Heim is much taller than average catchers, but he does a masterful job of framing his body to give the pitcher a large target and the umpire an excellent view of the pitch. His squat does leave him slightly vulnerable to wild pitches low and inside, but he is agile enough to adequately block these pitches in the dirt. I was amazed at how square and quiet he kept his body as he received the pitch and his hands are exceptionally soft and gentle as he catches the ball. In addition, Heim showed quick feet and a strong arm, flashing a 1.94 second pop time to second base in throwing out an opposing baserunner. He still needs polish behind the dish and to improve his blocking abilities, but Heim projects as a plus defensive catcher at the big league level.
Heim’s offensive skills currently lag behind his defense, but the 19-year-old switch hitting catcher showed some good bat speed from the left side Wednesday, crushing a double and hitting a fly ball to the wall in straight away center field for a loud out.

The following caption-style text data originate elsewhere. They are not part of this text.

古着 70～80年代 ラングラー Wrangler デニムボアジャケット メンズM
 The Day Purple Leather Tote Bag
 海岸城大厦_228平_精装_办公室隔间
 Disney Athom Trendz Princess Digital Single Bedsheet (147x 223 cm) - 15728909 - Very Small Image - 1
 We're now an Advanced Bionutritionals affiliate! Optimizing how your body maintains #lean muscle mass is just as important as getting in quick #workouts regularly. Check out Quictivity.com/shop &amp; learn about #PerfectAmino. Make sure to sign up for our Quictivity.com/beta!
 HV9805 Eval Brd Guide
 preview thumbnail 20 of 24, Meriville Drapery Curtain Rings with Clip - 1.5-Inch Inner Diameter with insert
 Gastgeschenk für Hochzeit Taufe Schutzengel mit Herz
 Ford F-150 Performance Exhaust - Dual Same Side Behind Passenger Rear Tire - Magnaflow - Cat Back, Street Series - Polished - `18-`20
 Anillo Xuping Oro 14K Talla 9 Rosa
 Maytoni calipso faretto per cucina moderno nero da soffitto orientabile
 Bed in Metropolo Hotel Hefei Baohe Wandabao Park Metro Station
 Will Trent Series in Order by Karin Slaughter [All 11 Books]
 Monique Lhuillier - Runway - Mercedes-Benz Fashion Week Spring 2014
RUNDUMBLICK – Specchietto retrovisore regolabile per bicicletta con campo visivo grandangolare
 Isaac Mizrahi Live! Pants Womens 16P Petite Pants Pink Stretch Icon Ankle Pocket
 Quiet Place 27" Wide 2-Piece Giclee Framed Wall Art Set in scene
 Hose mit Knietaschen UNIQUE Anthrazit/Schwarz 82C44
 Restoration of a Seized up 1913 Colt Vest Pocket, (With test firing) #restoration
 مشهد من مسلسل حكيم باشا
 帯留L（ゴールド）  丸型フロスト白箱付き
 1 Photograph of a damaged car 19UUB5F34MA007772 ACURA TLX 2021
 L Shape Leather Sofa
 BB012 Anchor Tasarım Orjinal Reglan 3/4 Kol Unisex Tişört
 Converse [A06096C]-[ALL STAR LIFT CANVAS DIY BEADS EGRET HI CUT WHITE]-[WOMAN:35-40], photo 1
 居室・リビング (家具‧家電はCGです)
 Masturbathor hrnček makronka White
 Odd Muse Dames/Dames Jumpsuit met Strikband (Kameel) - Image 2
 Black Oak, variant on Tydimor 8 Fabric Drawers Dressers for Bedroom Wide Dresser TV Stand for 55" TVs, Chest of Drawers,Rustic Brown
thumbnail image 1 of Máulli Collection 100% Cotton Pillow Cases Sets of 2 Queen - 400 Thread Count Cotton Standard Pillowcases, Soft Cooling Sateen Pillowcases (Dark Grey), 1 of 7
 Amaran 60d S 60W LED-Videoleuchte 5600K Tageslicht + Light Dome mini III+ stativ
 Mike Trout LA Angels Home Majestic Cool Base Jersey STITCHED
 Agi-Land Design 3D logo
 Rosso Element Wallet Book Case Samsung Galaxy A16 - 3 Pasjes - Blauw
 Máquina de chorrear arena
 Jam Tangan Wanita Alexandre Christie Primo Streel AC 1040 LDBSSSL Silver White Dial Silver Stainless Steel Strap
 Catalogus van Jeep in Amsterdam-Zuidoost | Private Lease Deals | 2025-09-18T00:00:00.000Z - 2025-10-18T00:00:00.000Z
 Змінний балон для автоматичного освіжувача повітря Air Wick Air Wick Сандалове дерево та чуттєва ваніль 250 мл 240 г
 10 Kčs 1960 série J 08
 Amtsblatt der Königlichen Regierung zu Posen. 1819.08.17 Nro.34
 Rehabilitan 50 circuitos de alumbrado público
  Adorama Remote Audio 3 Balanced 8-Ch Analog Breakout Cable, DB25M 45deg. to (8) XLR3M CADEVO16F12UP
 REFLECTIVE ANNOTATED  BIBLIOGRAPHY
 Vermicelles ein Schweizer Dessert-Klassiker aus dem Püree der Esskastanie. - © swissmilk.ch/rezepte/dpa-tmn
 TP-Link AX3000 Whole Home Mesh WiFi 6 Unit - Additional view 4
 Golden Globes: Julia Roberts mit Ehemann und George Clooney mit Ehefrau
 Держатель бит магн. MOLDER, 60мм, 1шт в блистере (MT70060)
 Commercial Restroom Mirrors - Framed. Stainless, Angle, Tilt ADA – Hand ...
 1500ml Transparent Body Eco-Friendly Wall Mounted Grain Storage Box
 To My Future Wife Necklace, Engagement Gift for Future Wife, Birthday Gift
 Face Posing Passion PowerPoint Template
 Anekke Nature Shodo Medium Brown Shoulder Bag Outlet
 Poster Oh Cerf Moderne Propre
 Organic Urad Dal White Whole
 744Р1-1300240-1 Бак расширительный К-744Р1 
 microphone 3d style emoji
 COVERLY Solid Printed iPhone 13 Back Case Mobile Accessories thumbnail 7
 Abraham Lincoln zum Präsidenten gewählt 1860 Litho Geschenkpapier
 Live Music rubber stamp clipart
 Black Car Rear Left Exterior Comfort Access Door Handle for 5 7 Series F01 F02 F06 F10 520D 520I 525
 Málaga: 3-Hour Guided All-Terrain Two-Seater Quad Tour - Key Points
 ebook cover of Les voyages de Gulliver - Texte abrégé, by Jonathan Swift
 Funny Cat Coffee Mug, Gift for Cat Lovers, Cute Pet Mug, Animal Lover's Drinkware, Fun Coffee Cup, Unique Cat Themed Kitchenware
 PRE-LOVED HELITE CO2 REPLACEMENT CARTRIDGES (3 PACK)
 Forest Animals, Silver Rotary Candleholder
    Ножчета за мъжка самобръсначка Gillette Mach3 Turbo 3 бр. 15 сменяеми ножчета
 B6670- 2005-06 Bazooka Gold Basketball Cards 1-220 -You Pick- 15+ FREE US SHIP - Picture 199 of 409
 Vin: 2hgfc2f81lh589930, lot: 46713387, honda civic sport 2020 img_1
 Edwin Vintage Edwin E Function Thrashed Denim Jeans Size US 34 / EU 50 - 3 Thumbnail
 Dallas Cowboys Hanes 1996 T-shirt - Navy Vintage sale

He still struggles with strikeouts and recognizing breaking pitches, but he has made noticeable strides to shorten his lefty swing.
Like every teenager he needs at-bats to gain experience and refine his approach and swing, but a switch-hitting catcher with plus defensive potential is an outstanding starter kit for a prospect. If one believes Chance Sisco is destined for another defensive position, Jonah Heim is clearly the best catching prospect currently in the Orioles’ system. I do not expect him to move quickly but I would be stunned if he did not develop into a major leaguer in the future.